Monday, April 17, 2006

Do we really need drums during the Kyrie?

Of course the answer is no. But in the midst of the Easter festivities at St. Stephen the Martyr church, there they were, providing an insistent and repetitive snare-snare-cymbal. And not just the Kyrie, of course. Memorial Acclamation, Great Amen, heck, everything but the Our Father (which was mercifully said, not sung) had the malapropos beat in the background. Perhaps I need to give a bit of exposition about St. Stephen to assist the reader in understanding how ludicrous this really is.

The church is named after the saint who is historically credited for being the first Christian martyr. That's a perfectly appropriate person to name a church after--and it's not like there's any contoversy over that. Now enters Father Patty. If not for the fact of there being a church in the diocese by the name of "St. Patrick," though, there's no doubt in my mind that the Archbishop's desk would be flooded with requests to rename the parish. We've even got a seven foot statue of St. Patrick (complete with clover and shillelagh) near the entrance to the church. Yes. Fr. Patty is that Irish.

And so, for special occassions like Christmas and Easter (which, incidentally, mark two of the past three times I went to church...) the mass setting is done in the Sacred Story. A mass setting is a collection of related melodies to which the various aspects of the mass are intended to be done, and the Sacred Story features melodies based off of traditional Irish music.

Is it just me, or is a drumset not particularly traditional Irish?
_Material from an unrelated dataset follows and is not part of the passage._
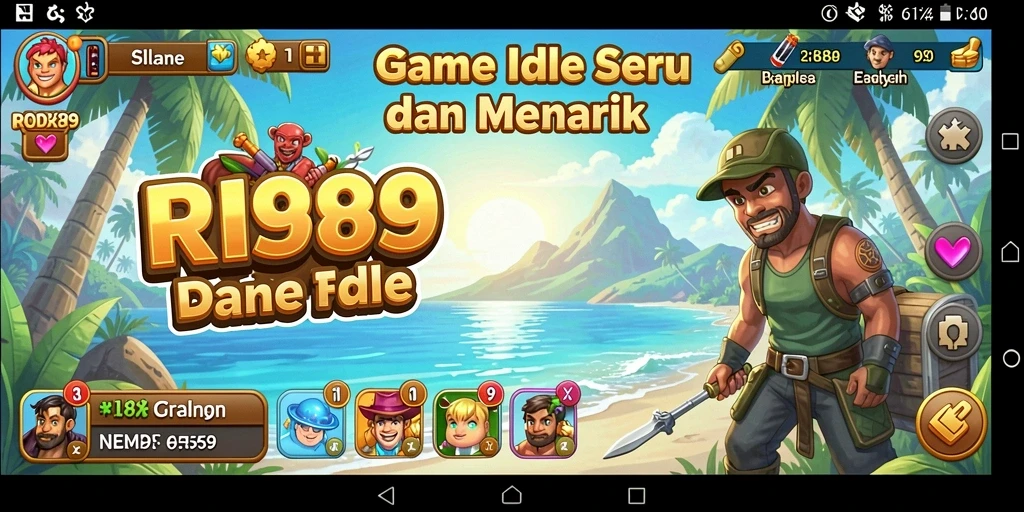 Screenshot utama RI889 menampilkan gameplay santai dan karakter menarik.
To be fair, I understand the limitations of musician volunteers. Where you need a couple dozen string players, a handful of woodwinds, a few brass players, and a percussionist or two, you're likely to get about one violin, another string if you're lucky... and from an orchestral balance standpoint it goes downhill from there. And because this is not auditions for the Chicago Symphony, you take what you're given and make the most of it. So yeah, if the percussionist has his heart set on playing for Easter mass, I understand the argument that you're got to let him play.
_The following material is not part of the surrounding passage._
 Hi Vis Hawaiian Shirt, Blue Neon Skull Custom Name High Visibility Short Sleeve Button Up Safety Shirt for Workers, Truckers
To be even more fair, I understand the trends in current church services, both Catholic and non. There's an effort to move past "church music" as the music sung at church services, mostly in an effort for churches to maintain a sense of contemporaneousness (contemporeity?) and to attract a crowd of people that might not otherwise have an incentive to go to church at all. Therefore, instead of an organ and hymns, you're more likely to get a guitar and syncopation. And some people like it. I happen not to. I prefer your set of standard-issue Lutheran hymns (do I go to hell for that, being Catholic and all?), no organ required, but without too much bizarre modernization. But if that's what the church thinks is in its best interest, to keep the worshippers happy and ultimately better serve God, sure, contemporary music makes sense.

Using drums for a song in the mass, while I might not be too crazy about it, is ultimately a stylistic difference. At some point, though, "stylistic difference" becomes "distracting." I'll summarize with a Nortonesque form-function argument. The function of a church is to expose people to the particular faith of the church, and to achieve that, people have to be attending the services. Therefore, the form of the service needs to be such that people feel encouraged to come. But for most of the Catholic mass, especially the parts of it defined by a mass setting, the function is to give focus to specific parts of the faith, and how the current celebration of the mass relates to and defines that faith. So the form needs to be one that encourages thought, contemplation, and reverence.

Not one that sounds like it could be the background track to something playing at the gym.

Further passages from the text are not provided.